All these theoretical discussions are great, but in reality, at least if you're using MySQL and really for SQLServer as well, it's best to stick with non-binary data for your booleans for the simple reason that it's easier to work with when you're outputting the data, querying and so on. It is especially important if you're trying to achieve interoperability between MySQL and SQLServer (i.e. you sync data between the two), because the handling of BIT datatype is different in the two of them. SO in practice you will have a lot less hassles if you stick with a numeric datatype. I would recommend for MySQL to stick with BOOL or BOOLEAN which gets stored as TINYINT(1). Even the way MySQL Workbench and MySQL Administrator display the BIT datatype isn't nice (it's a little symbol for binary data). So be practical and save yourself the hassles (and unfortunately I'm speaking from experience).

BIT should only allow 0 and 1 (and NULL, if the field is not defined as NOT NULL). TINYINT(1) allows any value that can be stored in a single byte, -128..127 or 0..255 depending on whether or not it's unsigned (the 1 shows that you intend to only use a single digit, but it does not prevent you from storing a larger value).
For versions older than 5.0.3, BIT is interpreted as TINYINT(1), so there's no difference there.
BIT has a "this is a boolean" semantic, and some apps will consider TINYINT(1) the same way (due to the way MySQL used to treat it), so apps may format the column as a check box if they check the type and decide upon a format based on that.

Might be wrong but:
Tinyint is an integer between 0 and 255
bit is either 1 or 0
Therefore to me bit is the choice for booleans

From my experience I'm telling you that BIT has problems on linux OS types(Ubuntu for ex).
I developped my db on windows and after I deployed everything on linux, I had problems with queries that inserted or selected from tables that had BIT DATA TYPE.
Bit is not safe for now.
I changed to tinyint(1) and worked perfectly.
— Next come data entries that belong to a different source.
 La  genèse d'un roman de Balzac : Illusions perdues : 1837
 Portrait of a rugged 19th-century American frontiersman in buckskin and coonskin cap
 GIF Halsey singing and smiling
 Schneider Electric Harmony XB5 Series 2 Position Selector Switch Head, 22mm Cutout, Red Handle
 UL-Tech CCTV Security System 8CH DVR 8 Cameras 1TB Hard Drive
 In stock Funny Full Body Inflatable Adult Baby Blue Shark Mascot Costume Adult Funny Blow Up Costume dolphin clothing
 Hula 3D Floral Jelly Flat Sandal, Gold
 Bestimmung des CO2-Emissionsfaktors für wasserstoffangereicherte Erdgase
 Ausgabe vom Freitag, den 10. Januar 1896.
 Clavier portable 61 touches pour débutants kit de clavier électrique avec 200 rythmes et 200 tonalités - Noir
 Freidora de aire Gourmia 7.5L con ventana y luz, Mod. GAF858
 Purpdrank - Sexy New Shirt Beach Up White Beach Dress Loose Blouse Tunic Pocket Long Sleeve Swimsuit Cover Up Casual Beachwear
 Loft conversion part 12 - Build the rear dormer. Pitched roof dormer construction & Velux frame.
I mean that you only need a value to diferentiate if it's 1 or 0 and tinyint(1) it's ok for that

Related

Best performance in MYSQL 8 between BIT or BOOL for search

I'm using MySQL 8.0 CE. I have an attribute where I want to store a TRUE or FALSE status and I want it to use as little space as possible.
After reading the answers in this question:
MySQL: Smallest datatype for one bit and the MySQL documentation Bit-Value Type - BIT and Integer Types (Exact Value), I understand that at storage level it is better is to use BIT(1) because BOOL is actually a TINYINT(1) and therefore uses full 1byte.
At storage level it is clear that BIT(1) is the best option but, at performance level when searching for true or false?
If I understand correctly BIT would store 1 or 0 while BOOL stores TRUE or FALSE.
That difference makes that when searching between both possibilities one of the types is better optimized for it?
Thanks.
BIT(1) also requires minimum 1 byte, so you're not saving any space compared to BOOL/TINYINT. Both take 1 byte.
Speaking to MySQL developers, they usually wince when I bring up the BIT data type. It's full of known bugs, and likely undiscovered bugs. The internal code is poorly understood. They told me to just use TINYINT.
By the way, MySQL doesn't have a true BOOL type. BOOL is just an alias for TINYINT(1), and there is no true or false value. The "false" value is literally the integer 0, and the "true" value is the integer 1. In other words, you can SUM() a column that is supposedly boolean, and you get an integer sum equal to the number of rows where the column is "true." This is not compliant with standard SQL (it makes no sense to SUM() a boolean column), but it's the way BOOL is implemented in MySQL.
Consideing that in mysql boolean is the same as tinyint(1). That said, boolean always uses 1 byte per column but bit(n) will use as few bytes that are needed to hold the given number of bits. BIT save some space however i would use boolean because it makes things simpler at the moment you want to query a database. in terms you can have values other than 0 or 1 if you are not careful. To avoid this, you can use the aliases TRUE and FALSE.
(In addition to what Bill says...)
I have a Rule Of Thumb: "If a back-of-envelope estimate doesn't suggest at least a 10% improvement, move on to some other optimization". Couple that with the fact that even if a single-bit bool would shrink the row length by 7 bits, that would probably be less than 1% savings. So, I move on.
OTOH, If you have lots of booleans, then consider the SET datatype, which can handle up to 64 'booleans' in 8 bytes or less. But it's rather clumsy. So is a similar thing with the 64 bits of BIGINT UNSIGNED, together with shifting and boolean operators (<<, &, etc.)
If you need to INDEX one or several booleans, forget it. About the only case where indexing works is in a composite (multi-column) index where one of the columns is [effectively] TINYINT NOT NULL

MySql - Which column type to use for storing multiple booleans in multiple columns?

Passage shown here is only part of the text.